▸ Input data
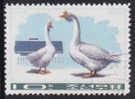 Couple D' Oies - Geese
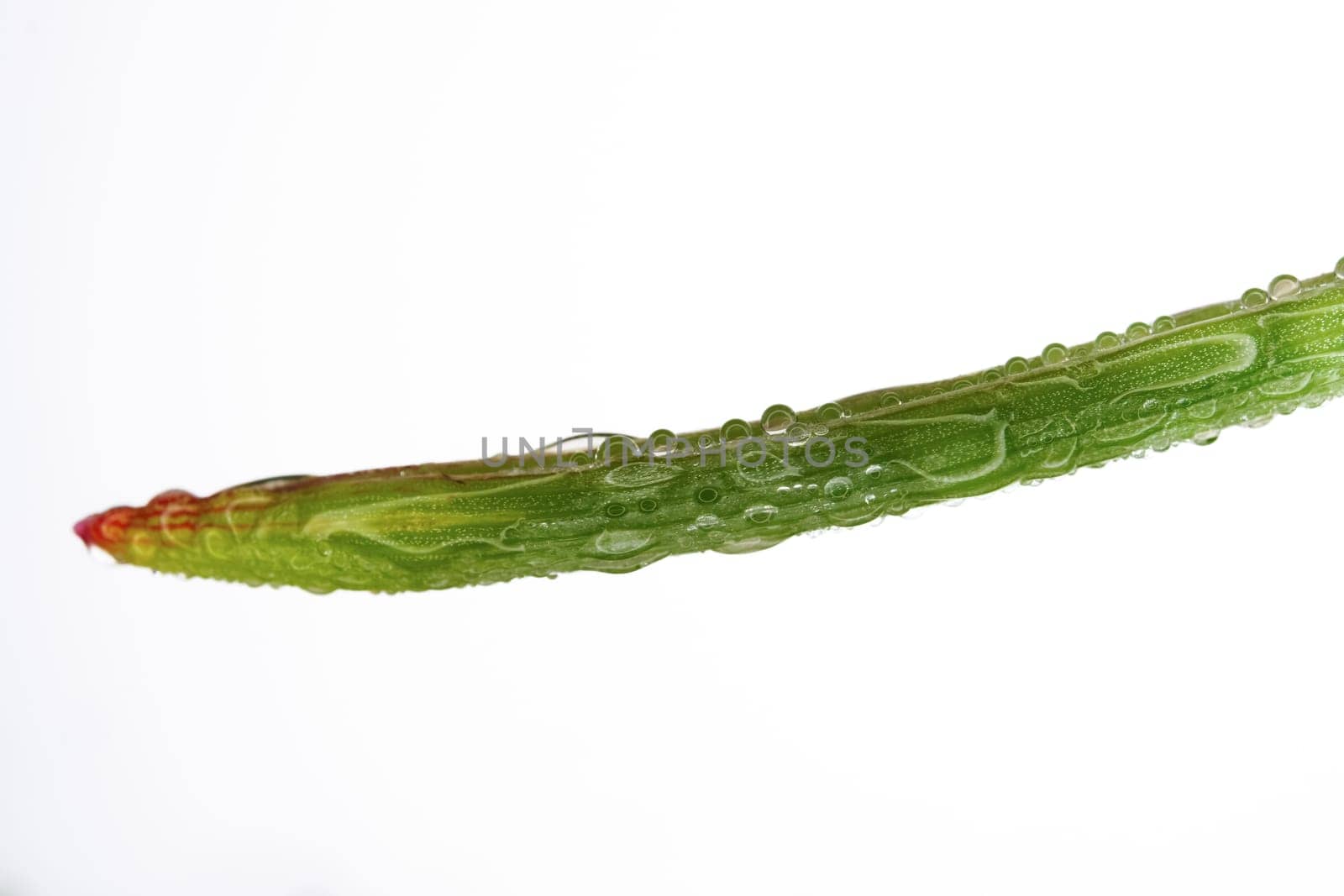 closeup of a green leaf with dewdrops isolated on a white background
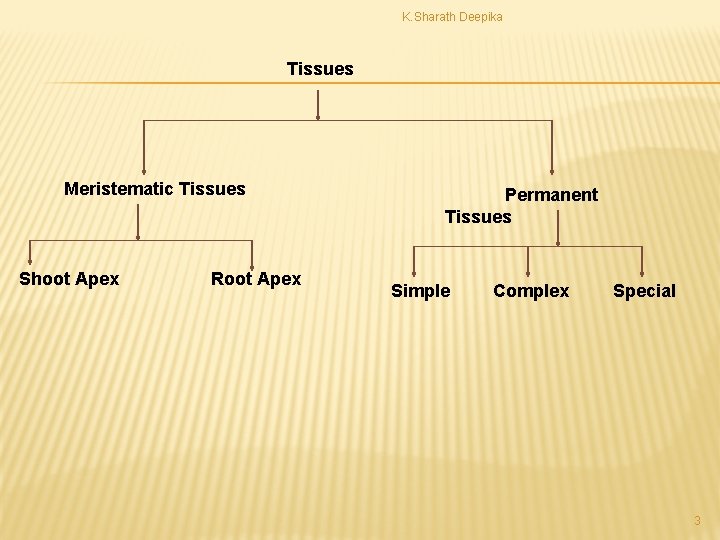 K. Sharath Deepika Tissues Meristematic Tissues Shoot Apex Root Apex Permanent Tissues Simple Complex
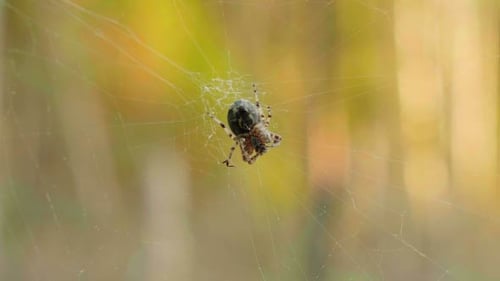 Spider sur le Web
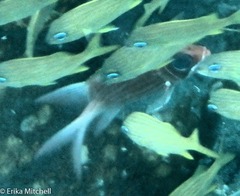 Neoniphon vexillarium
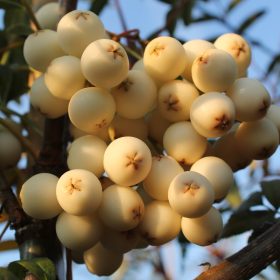 sorbus cashmiriana plodovi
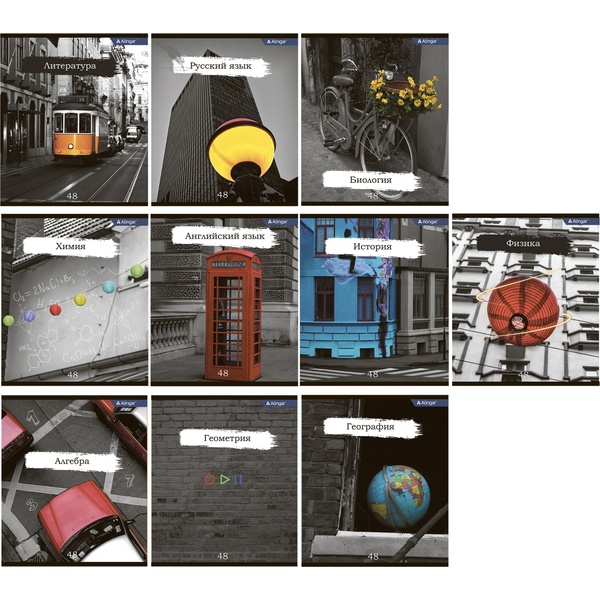 Тетрадь предметная КОМПЛЕКТ 10 шт. по 48 л., клетка/линия, 60 г/м2, Alingar Город контрастов
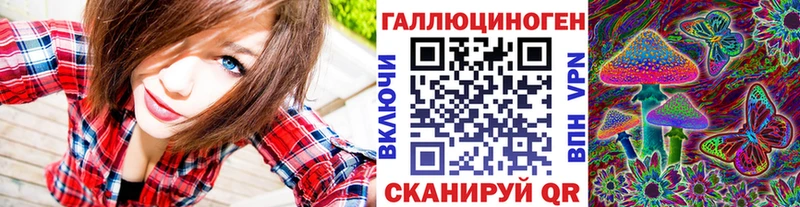 Галлюциногенные грибы Psilocybe Знаменск
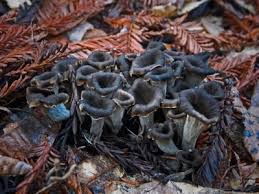 Attēlu rezultāti vaicājumam “Craterium leucocephalum var. scyphoides”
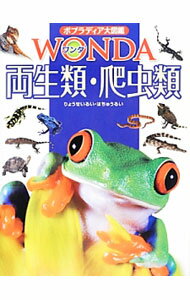 【中古】両生類・爬虫類 / 森哲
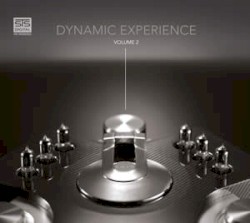 Dynamic Experience, Volume 2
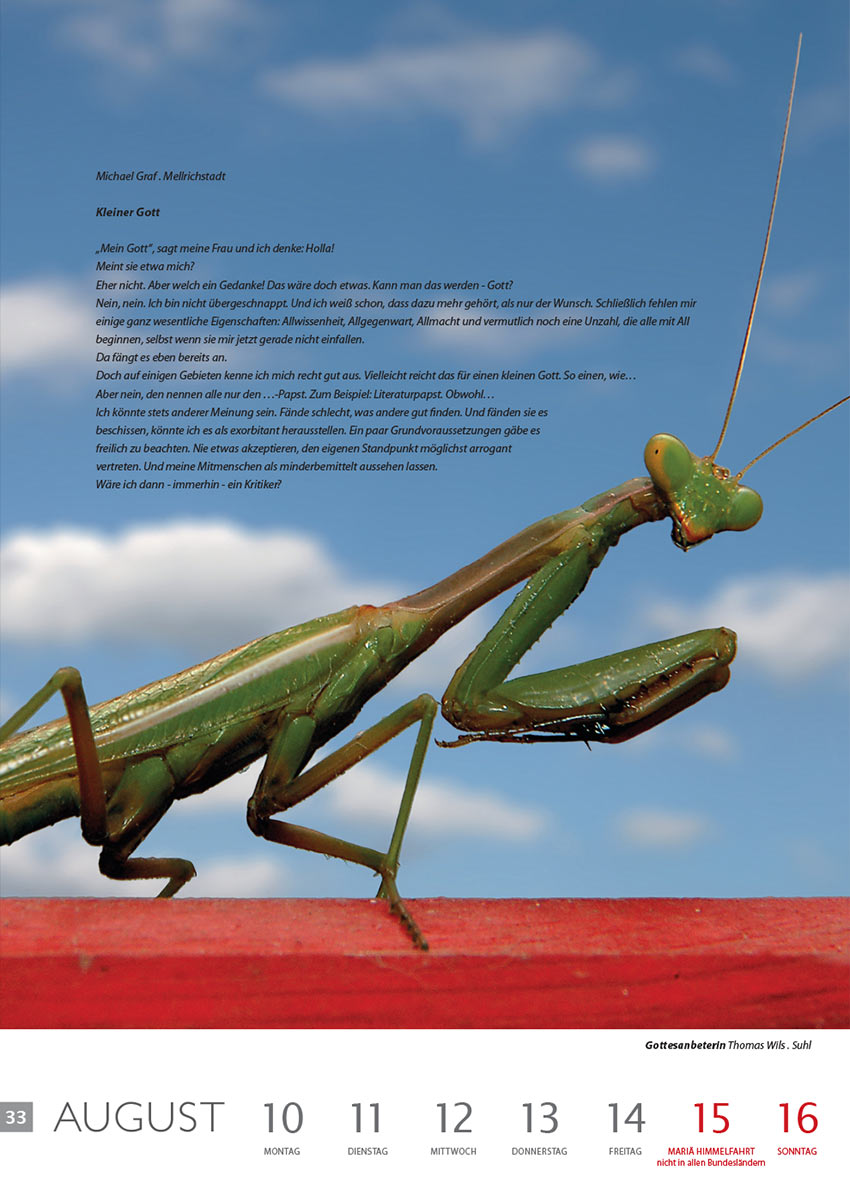 Kleiner Gott (Text: Michael Graf) | Gottesanbeterin (Foto: Thomas Wills) . Literaturkalender Thüringer Ansichten 2015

▸ What you are asked to do
Set down every record above exactly as it stands, but skip the pictures.

▸ Finished task
 Couple D' Oies - Geese
 closeup of a green leaf with dewdrops isolated on a white background
 K. Sharath Deepika Tissues Meristematic Tissues Shoot Apex Root Apex Permanent Tissues Simple Complex
 Spider sur le Web
 Neoniphon vexillarium
 sorbus cashmiriana plodovi
 Тетрадь предметная КОМПЛЕКТ 10 шт. по 48 л., клетка/линия, 60 г/м2, Alingar Город контрастов
 Галлюциногенные грибы Psilocybe Знаменск
 Attēlu rezultāti vaicājumam “Craterium leucocephalum var. scyphoides”
 【中古】両生類・爬虫類 / 森哲
 Dynamic Experience, Volume 2
 Kleiner Gott (Text: Michael Graf) | Gottesanbeterin (Foto: Thomas Wills) . Literaturkalender Thüringer Ansichten 2015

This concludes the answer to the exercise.